In March of 1945, Bernstein escaped, along with a number of other American officers. They were recaptured and taken to a special camp for allied officers. American forces helped them escape later that spring, and Bernstein made his way from Germany to France, and from there back to the United States. He served out his time at Camp Robinson in Arkansas and was released from active duty in February of 1946. He earned the Combat Infantryman’s Badge, a Purple Heart and various battle stars, including for the Normandy Invasion and the Prisoner of War Medal.

The next chapter of Bernstein’s life involved a career as a CPA, where he distinguished himself as the president of the Nebraska CPA Society. He then became the president of the Central States Council of CPAs. He was a partner in two Los Angeles CPA firms before returning to Omaha in 1992. Jerry Rosen, the first Director of the Jewish federation of Omaha Foundation, passed away that year, and Bernstein was selected to fill his shoes.

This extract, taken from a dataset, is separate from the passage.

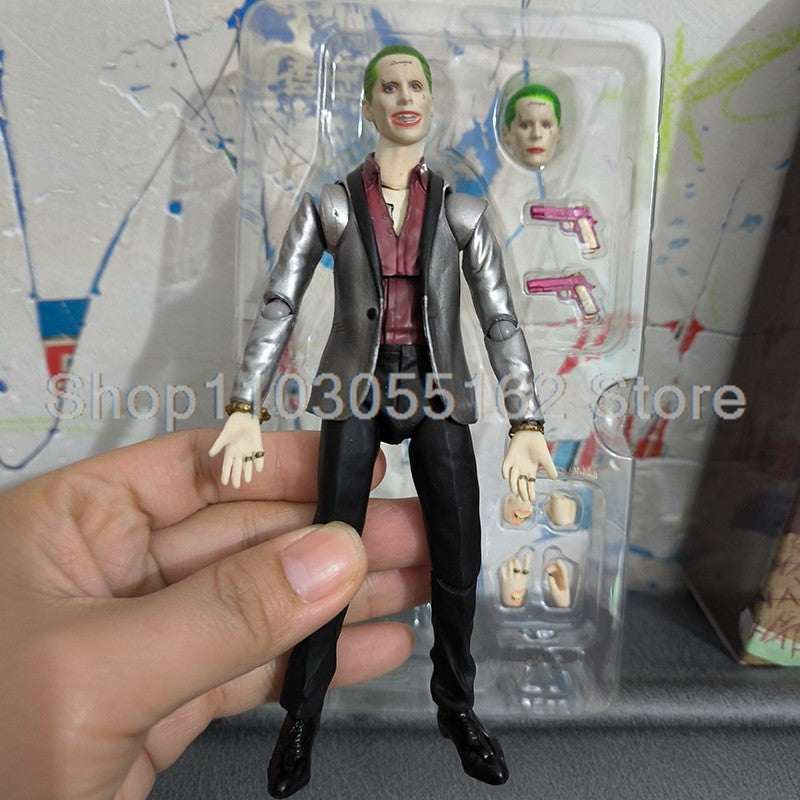 Harley Quinn Batman Boneco de Ação Disney Mafex 015 Coringa Heath Ledger O Cavaleiro das Trevas Brinquedo Colecionável Presente de Natal Halloween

The Foundation, which was established only eight years earlier, grew significantly during Bernstein’s tenure. It had approximately $10 million in assets in 1992, and Bernstein had almost tripled that by the time he left six years later.

“All of us who worked for the Foundation loved what we were doing,” he said at the time. “It was easy to help it grow.”

Marty Ricks, who took over after Bernstein left in 1998, recalls Bernstein’s strength in connecting to the donors.

“He was out there, connecting on a personal level with the community. He did a great job educating people about all the different opportunities the Foundation offered. When I arrived, I had such a strong base to work with, because Sheldon laid the groundwork. He had a great way with people, he had this beautiful subtle sense of humor, and knew everybody because of his many years in Omaha.”

Today, the Foundation has numerous endowment funds  from college funds to the Rose Blumkin Jewish Home, from the Jewish Press to the Nebraska Jewish Historical Society. Marty credits Bernstein for that.

“He had a sheer passion for the Jewish community,” Marty says. “He was a person who could not sit still, even when he moved to Oceanside, California. He stayed busy and involved. His idea of retirement? Being the Treasurer for his Home Owner’s Association as well as for the Master Home Owner’s Association, which covered several additional developments. He just really enjoyed volunteering.”

In 1995, Bernstein and his wife, Lorrie, established the Sheldon A. and Lorrie Bernstein Endowment Fund at the Foundation. The purpose of the fund is to support the annual Grandparents Day programming that benefits the residents of the Rose Blumkin Jewish Home. In spite of moving to California, Bernstein always felt a special connection to Omaha.

“Omaha is where I was born and grew up,” he once said, “so we arranged this fund to support Omaha’s Jewish community.”

“I’m grateful for everything he taught me,” Marty says. “Even after he left, he was never far away in spirit. He would call regularly and come back every few years to make sure I was okay. Over time, we became good friends.”

Sheldon Bernstein is survived by his wife Lorrie, daughters Sharon, Sandy, Sue, Nikki and Sunni, and many grandchildren and great-grandchildren.